What has been gained by shredding the Marine’s historic image and reducing its capability to fight in any place or clime? In theory, China is further deterred. On paper, the Marines will be prepared by 2030 to land small units on a dozen islands or atolls in the South China Sea. Each unit will include eight or ten anti-ship missiles mounted on heavy trucks, plus sophisticated naval intelligence devices to detect ship movements. When and if Chinese warships try to exit the South China Sea to attack Guam or wherever, the Marines will track and sink them.

However, the Philippines has refused to permit U.S. forces to use its bases as a staging area, let alone land on its islands in the South China Sea. Plus, the Marines don’t have the shallow-draft ships to get to those islands. The Navy is reluctant to build them and has secured the Marines’ pledge that such ships would pull out before a shooting war began. This means the Marines may never get to the islands; and if they do, they are on their own, without reinforcement or resupply. In addition, those islands are one thousand miles south of Taiwan. If Taiwan is the focus of Beijing’s future aggression, the Marines have placed themselves out of position. In short, the anti-ship mission lacks strategic coherence as well as resources.

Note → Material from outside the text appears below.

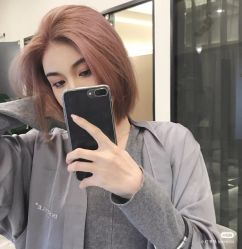 -时尚殿堂明星门店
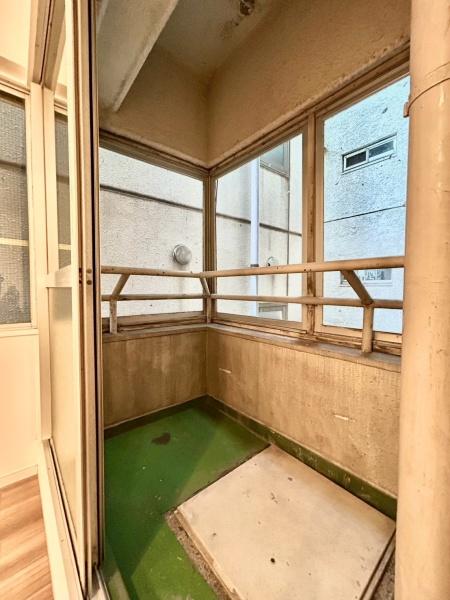 メトロ新高円寺マンション(バルコニー)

General Berger concocted his concept in secret, not consulting the retired four-star community that, appalled by his extensive cuts, has united in opposition. Multiple articles have been written, laying out the irremediable defects in the anti-ship strategy. To sink some Chinese warships in a dubious war scenario, Marine resources and organizational cohesion have been severely damaged. General Berger’s injudicious change of direction will adversely affect Marine warfighting capabilities, internal morale, and recruiting for years to come.